敵をおまぬけというが、そう信じさせるのに6年以上かかっていることが重要。まさに準備こそ命である。マッツ・ブリューガーがブッシュと戦ったり、外交官の肩書を手に入れたり、TV司会として自分の番組を持って自らアフリカの国に潜入したりする鉄筋なジャーナリスト。いうなれば、欧州のマイケル・ムーアという肩書が失礼なほどのモノホンの記者であるので、その力を侮ってはいけない。
そこまで突出した人々と、妙にカリスマティックな人々による丁々発止に戦慄する。
ウルリクの普通さこそ軸。その裡を見よ。
『アナザーラウンド』につながるデンマーク人の大酒飲みがスパイ活動に活きる。これ、『クーリエ』にも出てきたな。
あそこには笑い泣きの瞬間があったな。
実は、見所は元MI5職員のアニーによるインタビュー。この普通さにプロを見る。
それよりなにより、まさかの大きなテーマがじょじょに現れてくる。それが北朝鮮と個人というものを重なっていく。実は、タイトルのダブルミーニングになってもいる。
始める前のウルリクの目を覚えておいて、その後と、それぞれの目を見る、その表情の変化を見る。その外を見よ。10年という時間、修羅場をくぐる、人が変わるとはこういうことなのだ。
たんたんとリアルな作業としての潜入を見る、この冷たいドラマティック。
赤と黒が混ざって日常が刺さる甘作。
おまけ。
原題は、『THE MOLE: UNDERCOVER IN NORTH KOREA』。
『もぐら(スパイ):北朝鮮への覆面潜入者』。
NHK(NHK BS1)での放送題は、『潜入10年 北朝鮮・武器ビジネスの闇』。
MOLEは、痣、黒子、もぐら、防波堤の意味がある。
隠語としてスパイの意味がある。
2020年の作品。
製作国:ノルウェー / デンマーク / イギリス / スウェーデン
上映時間:120分
映倫:G
配給:ツイン
2020年秋に英国BBCと北欧のテレビ局で放送され、21年2月に「潜入10年 北朝鮮・武器ビジネスの闇」のタイトルでNHK-BSでも放送されて反響を呼んだ内容に未公開シーンなど追加している。

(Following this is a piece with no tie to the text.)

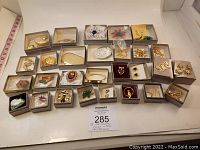 Top-down view of all 28 Avon jewelry pieces in grey striped boxes, showing variety of pins, brooches, lockets, and earrings mostly in gold-tone metal with colorful and pearl embellishments.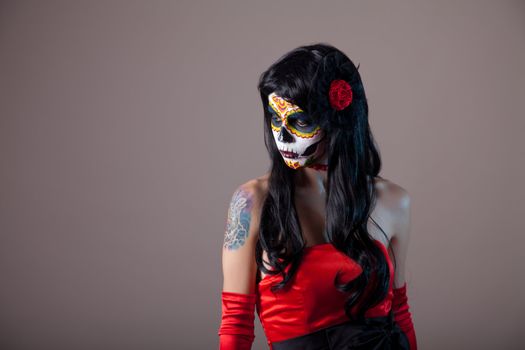 Girl with classic sugar skull makeup, Day of the Dead, Halloween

スペインとドイツでは、一時間のTV番組2本のミニシリーズとして放送された。
ネタバレ。
秘密を抱えて、自分が価値があると思える状態になった時に人は活き活きとする。
そして、偽りは目を殺す。
キム氏の無表情の恐ろしさ。
最後の晩餐には、『007 ノー・タイム・トゥ・ダイ』の裏ラストを見ているようななんとも言えない複雑な感情が溢れる。
その人が活動してきたことを話してもらうこと、聞いてもらうことの意味。